--- WORK REQUEST ---
Return each record word for word, keeping none of its pictures.

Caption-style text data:
********************
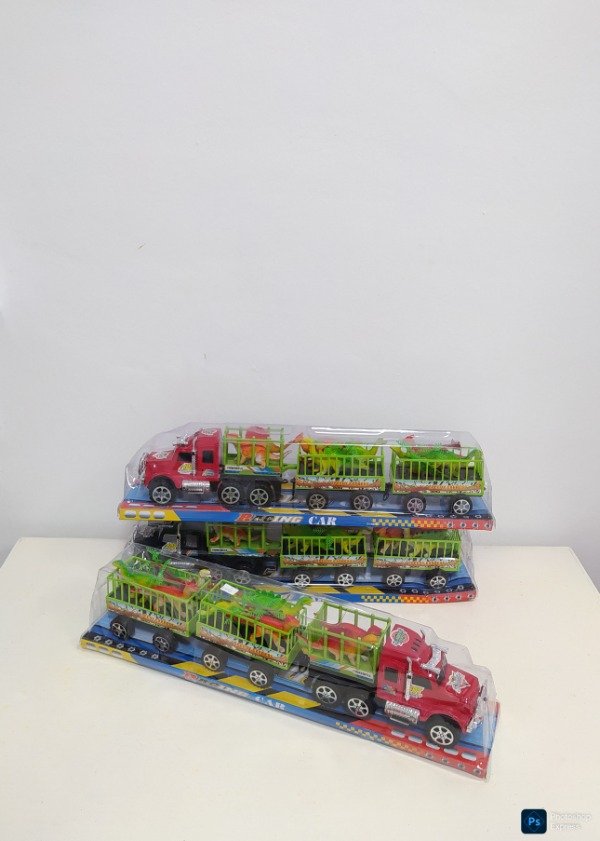 Miniatura de producto - 0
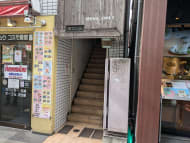 v20250427022807/fresh/building/J00100375990_3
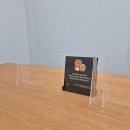 일단정지 | 카카오톡 영구정지 I 카카오 판교 고객센터에 직접 찾아가서 해제한 리얼 후기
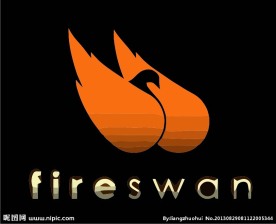 火焰logo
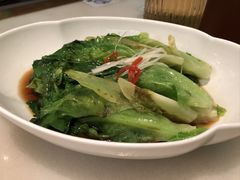 -半山书局(新世纪商城店)
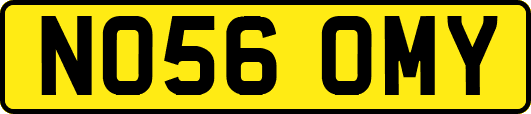 NO56OMY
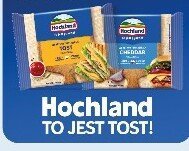 Oferta E.Leclerc | Tanio to tu!, strona 2 promocja w Leclerc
********************
--- RESPONSE TO THIS TASK ---
 Miniatura de producto - 0
 v20250427022807/fresh/building/J00100375990_3
 일단정지 | 카카오톡 영구정지 I 카카오 판교 고객센터에 직접 찾아가서 해제한 리얼 후기
 火焰logo
 -半山书局(新世纪商城店)
 NO56OMY
 Oferta E.Leclerc | Tanio to tu!, strona 2 promocja w Leclerc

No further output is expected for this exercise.